TL can tail stand...with a little help...
6P, not even close.

TL reportedly arrives with a well over 100 lumens bulb. 6P well under 100. 
P61 bulb has like a 20 minute run time and is rated about same lumens as the 60+ minute rated TL bulb. 
(Now all that I've read so I cannot state those by experience)


So after all that, why'd I buy one?
'Cause I didn't have one. 
And I get the sneaking suspicion that it'll make a mighty fine addition to my weapons lights as well as the budding Streamlight collection.




^^ the promo pic for now. 




^^ a 6P original with an added lanyard.


I have to wonder if anything from the TL-2 was carried over into current lights by others these days.

Coming soon:
The beam shots.


----------



## fivemega (Nov 4, 2015)

*You can also add these:
TL-2 has adjustable beam focus.
TL-2 can be used with Strion bulb using single 16670
TL-2 can be used with TL-3, CL1499 or FM1794 bulbs using pair of IMR 16340
You can use any of above bulbs in 6P if you have FM G2 bi-pin module.
You have the option to buy different type of McClicky tail caps for 6P
Some 6P comes with plastic lens.*


----------



## bykfixer (Nov 5, 2015)

Wow! 
Thanks. I'm honored.

Any LED's able to go in the TL-2?


----------



## Timothybil (Nov 5, 2015)

Lumens Factory makes a very nice SO-6, HO-6, or EO-6 lamp module for the 6P if you want a higher output incan light. The SO-6 is 120 lumen and is rated for one hour. The others are brighter, and obviously less run time. They also make the ES-6 at 80 lumens and 80 min run time. All sell for $12.99 USD + a slight shipping charge, and usually only take a week or so to arrive.


----------



## bykfixer (Nov 6, 2015)

Thanks for that. But my one of my 6p's gets 5 hours with a Malkoff NL.

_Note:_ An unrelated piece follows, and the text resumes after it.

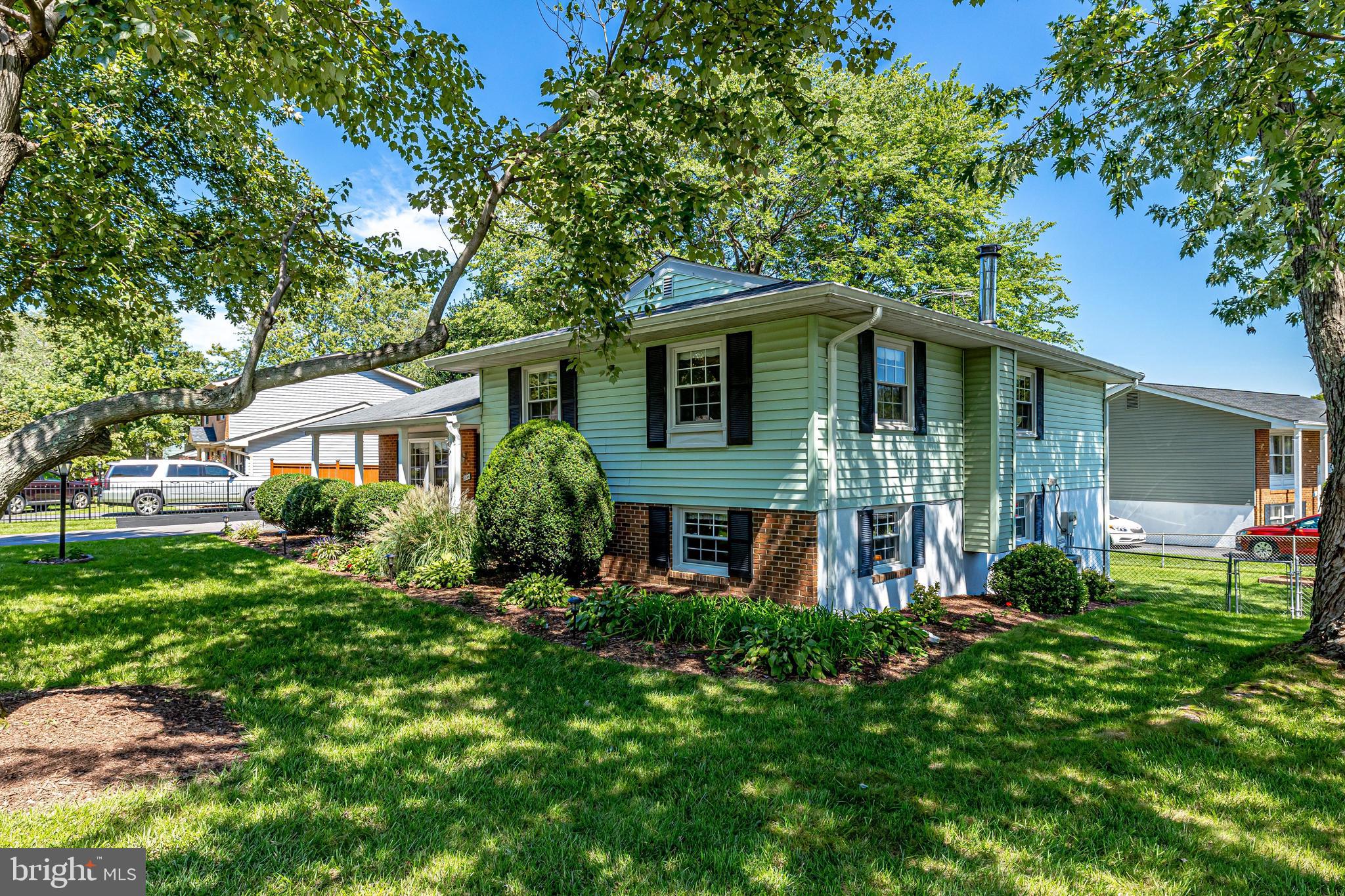 306 South Harrison Road Sterling, VA 20164 - Photo 3 of 67 Gallery Image 3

I'm curious of what can be done to the Streamlight.


----------



## Timothybil (Nov 6, 2015)

bykfixer said:


> Thanks for that. But my one of my 6p's gets 5 hours with a Malkoff NL.
> 
> I'm curious of what can be done to the Streamlight.

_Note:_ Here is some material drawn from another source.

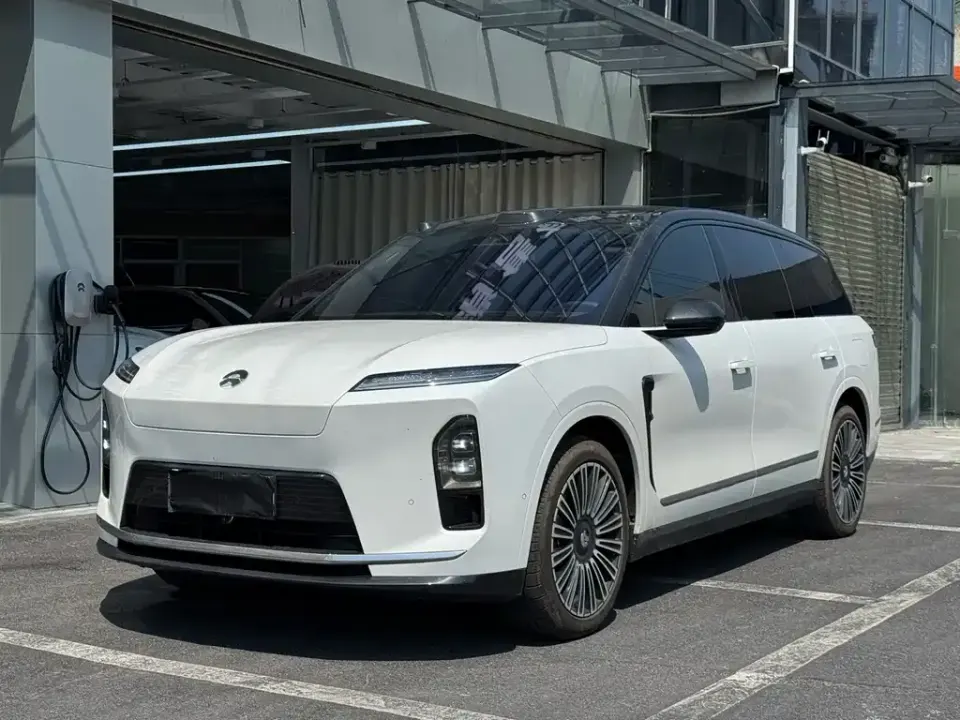 Nio ES8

As far as I know, Malkoff doesn't do incan lamps, which is what I thought you were looking for. Lumens Factory also does some really nice D26 LED drop ins in neutral white or 90+ CRI at about 400 lumens max, with the following run times:

1 x AW17670 (1600mAh): 
High: ~1 hour, Medium: ~3 hours, Low: ~20 hours

I don't remember if Malkhoff does Streamlight lamps, but I know TerraLUX does if you are interested. Battery Junction carries the TerraLUX drop ins so you can check them out there.


----------



## Monocrom (Nov 6, 2015)

fivemega said:


> *You can also add these:
> TL-2 has adjustable beam focus.
> *



Having tried out the so called adjustable beam on my Streamlight Scorpion inca., I was less than impressed. Seemed more like a marketing gimmick than something useful. No one does adjustable beams better than LEDLenser/Coast. (Though how they achieve that is a bit less than great.) Streamlight doesn't even come close with regards to adjustable beams. Whereas on the SF 6P, you get a beam that's going to be ideal for easily 95% (if not more) of the applications most folks will put their lights through. 

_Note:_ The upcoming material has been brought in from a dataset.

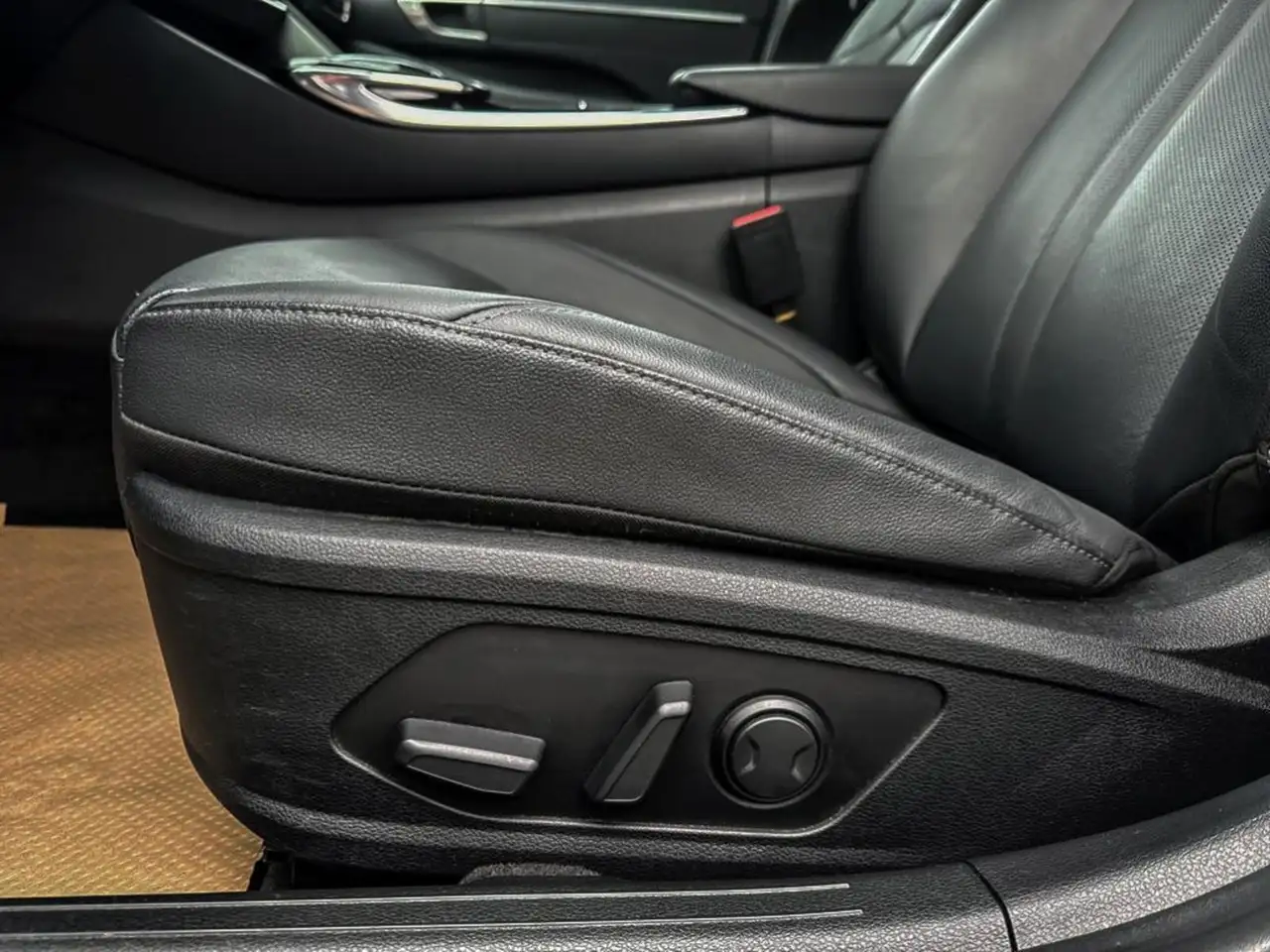 Hyundai SONATA снимка Hyundai SONATA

Still, of the two, I'd pick the Streamight in this comparison. Despite the 6P having overall better build quality between these two lights, the lack of shock protection is going to be an issue if the lights are used for anything serious.


----------



## bykfixer (Nov 6, 2015)

Thanks timothybil. I have a teralux in a mag. A two pin thing. Love it. So I'll check into that.
Malkoff has a stinger drop in. But that's it.
With a grinder and some o-rings I can get a Malkoff M61 to fit...but will it light? 

That so-called adustable focus reminds me of the mag xl 200...it works...kinda. 
But it is nice to dial in the spot or spread it some.

It arrived today. I'm impressed.

Another post for my comments. But first Ima research a bit on that TerraLux.
Thanks for the input monocrom. Yeah I think the incan TL is a better light for shock abuse for certain....if I trip on a hillside and it goes rolling down with me type of thing...


----------



## bykfixer (Nov 6, 2015)

10 minutes of research kept coming back here. lol

I'll make some phone calls Monday.

Ok so as I said the TL2 arrived.

A clam pack you need a knife or scissors to get open. The 6P packaging also has to be destroyed. 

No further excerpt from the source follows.